Wednesday, February 1, 2012

Winter Midging

January in Montana isn't generally associated with great dry fly fishing; in fact many anglers don't associate the time of year with fly fishing at all. If anything it's indicators and split-shot, eggs and worms, iced guides and cold fingers. And frankly, even if giant stoneflies hatched in January (and they don't), I'm not sure many anglers would bother to bundle up and rise to the occasion. It can be difficult to find an eager fishing partner when the forecast is calling for highs in the mid-30's, mostly cloudy skies, and a 50% chance of midge hatches.

A beautiful scene: rising trout, a bent rod and winter solitude.
Yet that is just what a friend found in me earlier this week. As we made the early morning drive to the 50-mile riffle I couldn't help but wonder if I'd made a bad decision... the wind was howling and snow squalls were sweeping through the valley. Considering the weather, it wasn't all that surprising to find the parking area deserted upon our arrival. I tossed an extra layer and a Thermos of coffee in my pack and off we went, post-holing through deep snow drifts to get to the river.

All eyes are on the prize.
The good nymph fishing early in the day didn't come as a surprise, rather it was the dry fly fishing later in the day that caught me off guard. By late morning the clouds had parted, the wind calmed, and midges began appearing in the softer water. It didn't take long before we began seeing fish feeding on the surface, in some locations there were dozens of trout rising consistently. In a foolish move I hadn't brought my dry fly box, but I'd tied up a few adult midge patterns the night before and stashed them in my nymph box, just in case. I re-rigged as quickly as possible, and began casting upstream to individual risers at the back of the pack. These fish weren't pushovers, my size 20 zelon creation wasn't getting it done. Fortunately my comrade had come better prepared for the possibility of a midge hatch and quickly came to my rescue with a homespun cdc pattern that proved to be effective.

A fine winter brown, taken on a Hi-Viz Griffith's Gnat.

Over the course of the afternoon we worked our way upriver, stopping to watch the soft pockets of water along the way for risers. In about a half dozen locations we found pods of fish rising to midges, some of the fish being quite large. By making a concerted effort to work each pool from tail to head, and by quickly playing hooked fish away from the pod, we were able to take multiple fish from each location. All in all, the hatch provided a few hours of fun and challenging dry fly fishing, and in January of all months!


  1. Dude! Will, that was a great post... Winter midging sets the percentages apart for sure..

  2. Thank, Josh. It was so good that I might have to try for a repeat this weekend.

  3. Very cool, I've always wanted to catch a trout on a midge dry during the winter months. One of these days. Thanks for the motivation!

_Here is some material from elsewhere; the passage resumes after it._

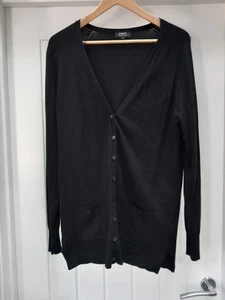 Women's Papaya Long (31") Black Cardigan. Size16. Used, Excellent Condition - Picture 1 of 6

  4. Kevin - For the past 3 winters I've been talking about doing this, and finally made it happen. These were my first trout on a midge dry fly during winter! Best of luck.

  5. "Fortunately my comrade had come better prepared for the possibility of a midge hatch and quickly came to my rescue..." You owe that guy a beer! Nice post, and great photo of that brownie.

    1. Yeah, the guy always seems to have the answers... not surprisingly, he guides during the summer months. And yes, I bought him a couple of beers when we got off the water.